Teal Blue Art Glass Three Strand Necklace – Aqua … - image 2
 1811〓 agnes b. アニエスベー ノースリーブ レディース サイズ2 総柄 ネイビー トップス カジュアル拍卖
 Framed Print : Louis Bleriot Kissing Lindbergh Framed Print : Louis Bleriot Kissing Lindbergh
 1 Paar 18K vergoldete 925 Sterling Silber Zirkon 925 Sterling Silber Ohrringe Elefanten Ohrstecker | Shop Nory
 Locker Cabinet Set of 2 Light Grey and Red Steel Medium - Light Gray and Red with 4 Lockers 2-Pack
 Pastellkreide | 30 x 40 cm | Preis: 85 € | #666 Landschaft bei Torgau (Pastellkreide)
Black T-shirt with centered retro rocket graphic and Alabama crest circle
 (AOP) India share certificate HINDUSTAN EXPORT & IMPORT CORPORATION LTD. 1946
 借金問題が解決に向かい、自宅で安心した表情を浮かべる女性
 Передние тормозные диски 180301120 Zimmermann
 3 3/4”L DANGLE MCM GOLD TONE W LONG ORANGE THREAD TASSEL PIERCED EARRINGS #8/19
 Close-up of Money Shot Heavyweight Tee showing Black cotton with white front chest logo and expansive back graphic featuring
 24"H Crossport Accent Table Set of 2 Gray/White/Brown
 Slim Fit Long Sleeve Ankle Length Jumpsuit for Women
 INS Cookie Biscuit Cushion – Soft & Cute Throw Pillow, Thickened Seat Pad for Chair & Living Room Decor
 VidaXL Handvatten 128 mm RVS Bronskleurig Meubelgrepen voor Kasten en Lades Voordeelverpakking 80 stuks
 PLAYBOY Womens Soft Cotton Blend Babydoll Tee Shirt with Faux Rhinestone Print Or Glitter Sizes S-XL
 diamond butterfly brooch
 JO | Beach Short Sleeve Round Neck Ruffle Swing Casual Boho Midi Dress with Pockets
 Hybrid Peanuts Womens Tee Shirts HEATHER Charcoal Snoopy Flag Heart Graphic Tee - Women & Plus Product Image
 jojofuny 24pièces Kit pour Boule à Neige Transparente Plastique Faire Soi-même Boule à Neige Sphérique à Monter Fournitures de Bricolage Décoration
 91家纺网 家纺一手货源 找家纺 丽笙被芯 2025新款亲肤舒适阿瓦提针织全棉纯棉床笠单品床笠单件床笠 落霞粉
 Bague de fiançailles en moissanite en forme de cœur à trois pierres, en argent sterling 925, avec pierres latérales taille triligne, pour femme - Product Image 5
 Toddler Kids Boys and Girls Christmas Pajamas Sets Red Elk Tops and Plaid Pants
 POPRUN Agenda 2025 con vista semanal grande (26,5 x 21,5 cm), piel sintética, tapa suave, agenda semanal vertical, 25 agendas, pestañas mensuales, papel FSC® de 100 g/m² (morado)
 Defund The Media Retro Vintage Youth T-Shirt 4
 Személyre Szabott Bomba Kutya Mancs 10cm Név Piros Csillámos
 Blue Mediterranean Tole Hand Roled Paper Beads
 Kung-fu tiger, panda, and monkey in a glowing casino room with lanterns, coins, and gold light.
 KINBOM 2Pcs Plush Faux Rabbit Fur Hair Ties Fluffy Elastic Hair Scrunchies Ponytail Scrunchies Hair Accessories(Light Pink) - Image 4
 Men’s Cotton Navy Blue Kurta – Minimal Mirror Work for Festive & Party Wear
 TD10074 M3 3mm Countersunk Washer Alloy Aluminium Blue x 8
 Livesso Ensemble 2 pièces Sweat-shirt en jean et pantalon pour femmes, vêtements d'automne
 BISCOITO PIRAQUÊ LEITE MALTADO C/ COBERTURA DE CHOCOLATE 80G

::::

▶ **Problem description**
From the records above, extract exactly and only the lines that begin at the line with "Személyre Szabott Bomba" and stop after the line with "KINBOM 2Pcs Plush".

▶ **Answer section**
 Személyre Szabott Bomba Kutya Mancs 10cm Név Piros Csillámos
 Blue Mediterranean Tole Hand Roled Paper Beads
 Kung-fu tiger, panda, and monkey in a glowing casino room with lanterns, coins, and gold light.
 KINBOM 2Pcs Plush Faux Rabbit Fur Hair Ties Fluffy Elastic Hair Scrunchies Ponytail Scrunchies Hair Accessories(Light Pink) - Image 4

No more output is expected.